We’re operating distributed microservice ecosystems on top of a deep stack of frameworks, abstractions and runtimes that are all running on other people’s servers (aka “the cloud”). The days of naming servers after Greek gods and sshing into a box to run tail and top are long gone for most of us.

The move to these modern architectures is for good reason. Engineering organizations are under constant pressure to deliver more value, in less time, at a faster and faster pace.

Towering monoliths and artisanally handcrafted server configurations simply can’t compete with the scalability and flexibility of small, independently deployable services, managed by a multitude of teams, and running on top of elastically scaling infrastructure.

However, this shift has come at a cost.

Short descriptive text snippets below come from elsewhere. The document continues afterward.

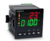 Controlador de Temperatura Inv-Yb1-11 –M-L2 - 24V (INV - 20011/M 24V)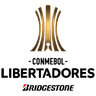 Copa Libertadores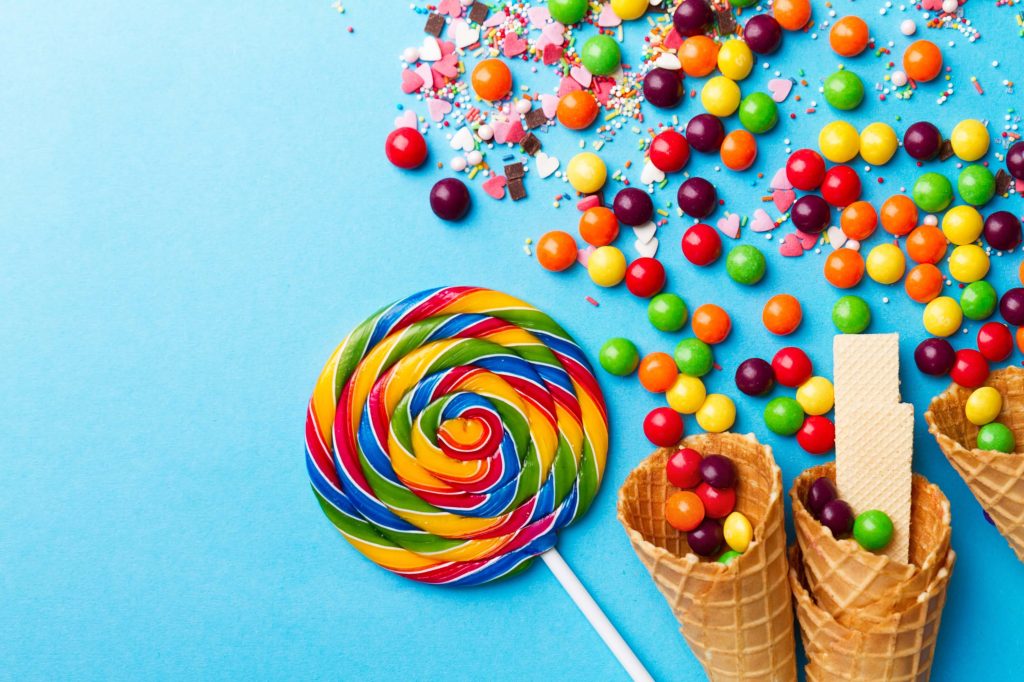 Behind the Crunch: A Peek into the Making of Crunchers Brunchers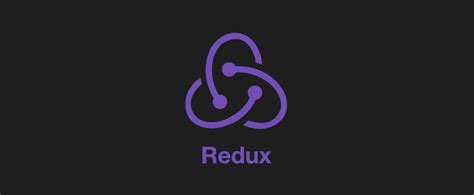 Redux Toolkit API 的图像结果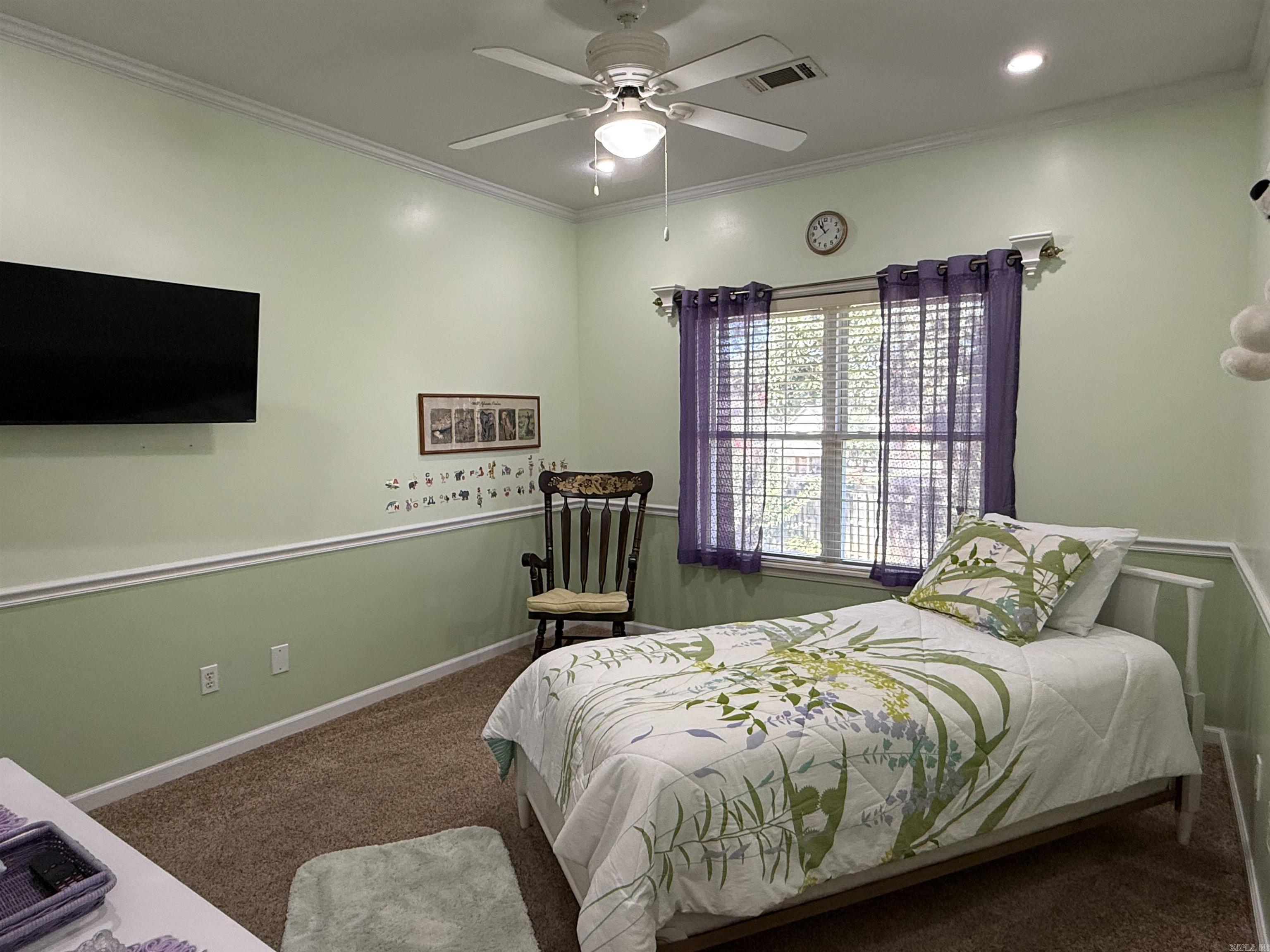 4104 Wetherfield Property Photo 19
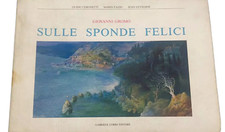 Giovanni Gromo Sulle sponde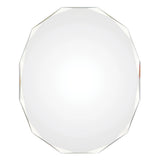 Astor 24" W x 28" H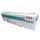 44059260 OKI ES toner black 10.000pages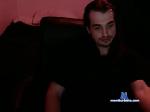 dunklord chaturbate profile picture
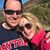 Jackie Bradford Hiatt's profile image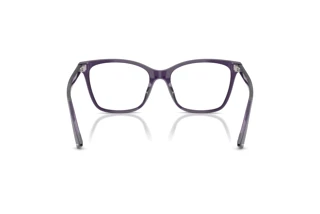 Widok z tyłu Jimmy Choo JC3048U (5087)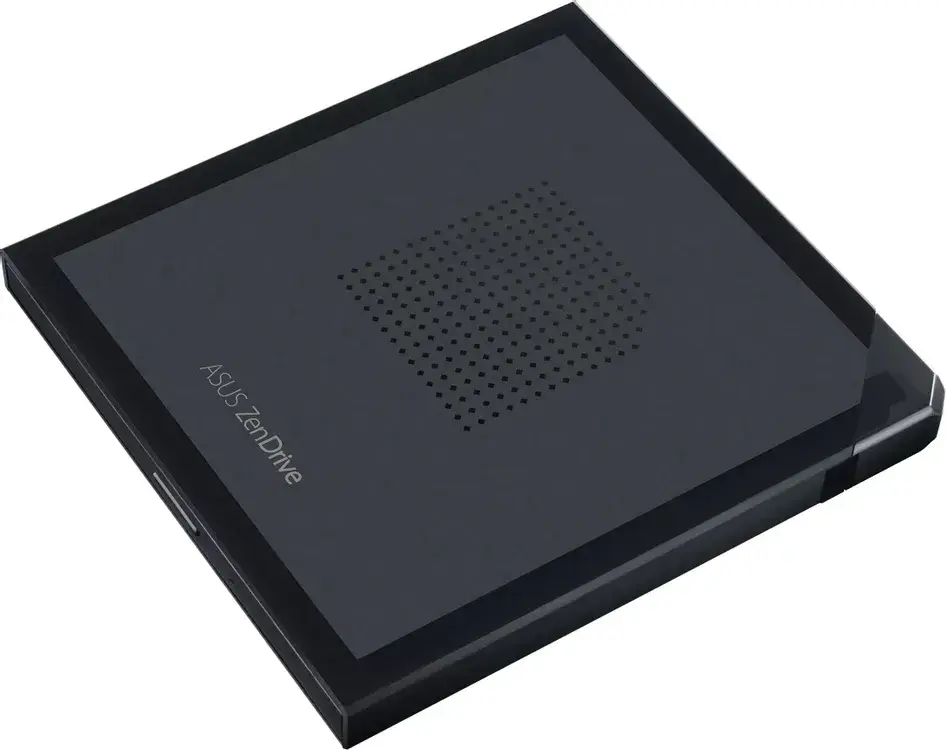 Оптический привод ASUS ZenDrive V1M (SDRW-08V1M-U)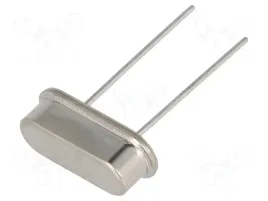rezonator-kwarcowy-5mhz-30ppm-20pf-tht-hc49-s-x2szt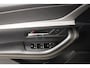 Mazda CX-80 2.5 e-SkyActiv PHEV Homura 6p. , Demovoordeel € 10.373-, Convenience & Sound Pack, Leder, Adap.Cruise, Bose, 360 Camera, HUD, Stoelverwarming/ventilatie, LMV 20 Inch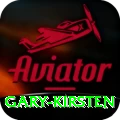 gary kirsten Premium Edition v2.2.1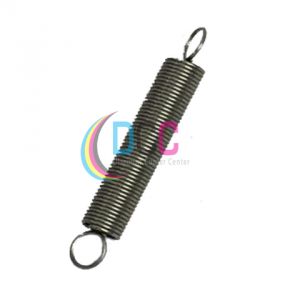 Konica Minolta Tension Spring 4036534801
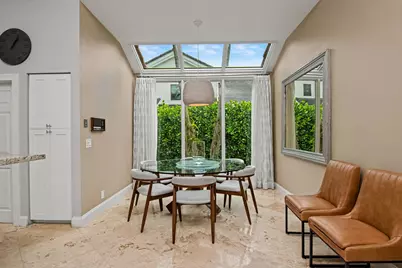 2653 NW 46th Street, Boca Raton, FL 33434 - Photo 14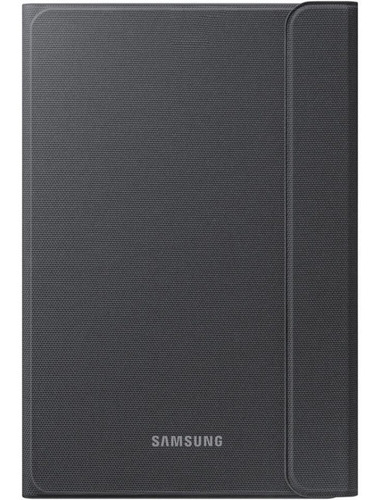 Protector Case Samsung Original Galaxy Tab A 8 8.0 P350 T350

Our systems moved from the realm of the complicated into the realm of the complex; and with that shift, we have discovered that traditional approaches to understanding and troubleshooting production environments simply will not work in this new world. [..] In the past, we could understand our complicated systems by troubleshooting based on experience and known unknowns: What’s the CPU load, how many successful logins have we had in the last hour, what’s the average latency of each API endpoint?

We primarily relied on pre-configured dashboards that could answer those standard questions. Maybe sometimes we dug a bit deeper, with logs or some additional ad hoc queries, but the primary tools for understanding the behavior of our system was oriented toward fixed, aggregate analysis.

Today, tooling that only provides a pre-formed, aggregated view is no longer sufficient. Understanding complex systems requires probing them in exploratory and open-ended ways, formulating a series of ad-hoc and very specific questions about system behavior, looking at the results from various dimensions, and then formulating new questions — all within a tight feedback loop.

This need for ad hoc exploration and dissection has led to the rise of a new class of tools: observability. Observability allows us to probe deep into our systems to understand behavior, down to the level of individual requests between services.

It lets you roll up those individual behaviors into aggregate trends across arbitrary dimensions or break down those trends at any resolution, down to a single customer ID. Observability tools provide the capabilities necessary to move through multiple turns of an OODA loop extremely rapidly, building understanding as we go.